History
- Opened: September 1862
- Closed: 1910

Technical
- Line length: 9.3 mi (15.0 km)
- Track gauge: 1,435 mm (4 ft 8+1⁄2 in) standard gauge

= Atsion branch =

Railway line in New Jersey

The Atsion branch, also known as the Atco branch or Batsto branch, was a railway line in the state of New Jersey, in the United States. It ran from Atco, New Jersey, to Atsion, New Jersey, connecting the Williamstown Branch and the Atlantic City Line with the Southern Division of the Central Railroad of New Jersey. It was built by the Raritan and Delaware Bay Railroad under contract in 1862 and eventually became part of the Central Railroad of New Jersey system. It was abandoned in 1910.

== History ==
The Camden and Atlantic Railroad completed its main line between Camden, New Jersey, and Atlantic City, New Jersey, in June 1854. Its charter authorized a branch via Atsion, New Jersey, to Batsto, New Jersey, north of its main line. Nothing was undertaken until the Raritan and Delaware Bay Railroad began building toward Atsion in the early 1860s. The Camden and Atlantic contracted with the Raritan and Delaware Bay to construct a connection between the two lines.

The line was completed in September 1862 but was not conveyed to the Camden and Atlantic. The Camden and Amboy Railroad took legal action against the two railroads, claiming a legal monopoly on traffic between Philadelphia and New York City. A decision of the New Jersey Court of Errors and Appeals vindicated the Camden and Amboy on November 30, 1867, at which point operation of the line ceased. The branch was conveyed to the Raritan and Delaware Bay on February 16, 1870.

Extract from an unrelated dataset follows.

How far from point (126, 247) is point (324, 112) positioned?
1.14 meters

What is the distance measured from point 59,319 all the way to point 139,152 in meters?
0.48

Coincident with the conveyance the Raritan and Delaware Bay was renamed the New Jersey Southern Railroad. That company was reorganized as the New Jersey Southern Railway on July 30, 1879. The Central Railroad of New Jersey gained control of that company and its lines on December 15, 1888, although a formal merger did not occur until October 16, 1917. The line was abandoned in 1910.